Task directions:
In your reply, write out each entry exactly as given.

>>>

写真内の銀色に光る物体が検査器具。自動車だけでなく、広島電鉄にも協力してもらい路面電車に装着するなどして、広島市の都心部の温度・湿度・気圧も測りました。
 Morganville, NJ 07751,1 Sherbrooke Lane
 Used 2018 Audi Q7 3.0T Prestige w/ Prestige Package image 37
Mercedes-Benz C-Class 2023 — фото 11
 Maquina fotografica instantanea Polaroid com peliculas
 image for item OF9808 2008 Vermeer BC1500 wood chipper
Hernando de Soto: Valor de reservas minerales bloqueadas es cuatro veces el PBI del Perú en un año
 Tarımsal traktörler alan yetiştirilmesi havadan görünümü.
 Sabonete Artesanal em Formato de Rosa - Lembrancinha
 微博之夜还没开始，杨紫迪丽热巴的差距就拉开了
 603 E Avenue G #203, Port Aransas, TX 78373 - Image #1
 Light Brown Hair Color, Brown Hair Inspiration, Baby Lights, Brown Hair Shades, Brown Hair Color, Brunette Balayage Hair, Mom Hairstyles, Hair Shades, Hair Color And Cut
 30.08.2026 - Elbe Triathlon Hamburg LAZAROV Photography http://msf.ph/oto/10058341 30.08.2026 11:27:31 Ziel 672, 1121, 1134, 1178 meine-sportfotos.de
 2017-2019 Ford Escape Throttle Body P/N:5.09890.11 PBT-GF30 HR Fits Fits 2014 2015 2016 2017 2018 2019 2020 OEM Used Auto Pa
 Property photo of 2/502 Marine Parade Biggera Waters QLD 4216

<<<

Solution to this task:
写真内の銀色に光る物体が検査器具。自動車だけでなく、広島電鉄にも協力してもらい路面電車に装着するなどして、広島市の都心部の温度・湿度・気圧も測りました。
 Morganville, NJ 07751,1 Sherbrooke Lane
 Used 2018 Audi Q7 3.0T Prestige w/ Prestige Package image 37
Mercedes-Benz C-Class 2023 — фото 11
 Maquina fotografica instantanea Polaroid com peliculas
 image for item OF9808 2008 Vermeer BC1500 wood chipper
Hernando de Soto: Valor de reservas minerales bloqueadas es cuatro veces el PBI del Perú en un año
 Tarımsal traktörler alan yetiştirilmesi havadan görünümü.
 Sabonete Artesanal em Formato de Rosa - Lembrancinha
 微博之夜还没开始，杨紫迪丽热巴的差距就拉开了
 603 E Avenue G #203, Port Aransas, TX 78373 - Image #1
 Light Brown Hair Color, Brown Hair Inspiration, Baby Lights, Brown Hair Shades, Brown Hair Color, Brunette Balayage Hair, Mom Hairstyles, Hair Shades, Hair Color And Cut
 30.08.2026 - Elbe Triathlon Hamburg LAZAROV Photography http://msf.ph/oto/10058341 30.08.2026 11:27:31 Ziel 672, 1121, 1134, 1178 meine-sportfotos.de
 2017-2019 Ford Escape Throttle Body P/N:5.09890.11 PBT-GF30 HR Fits Fits 2014 2015 2016 2017 2018 2019 2020 OEM Used Auto Pa
 Property photo of 2/502 Marine Parade Biggera Waters QLD 4216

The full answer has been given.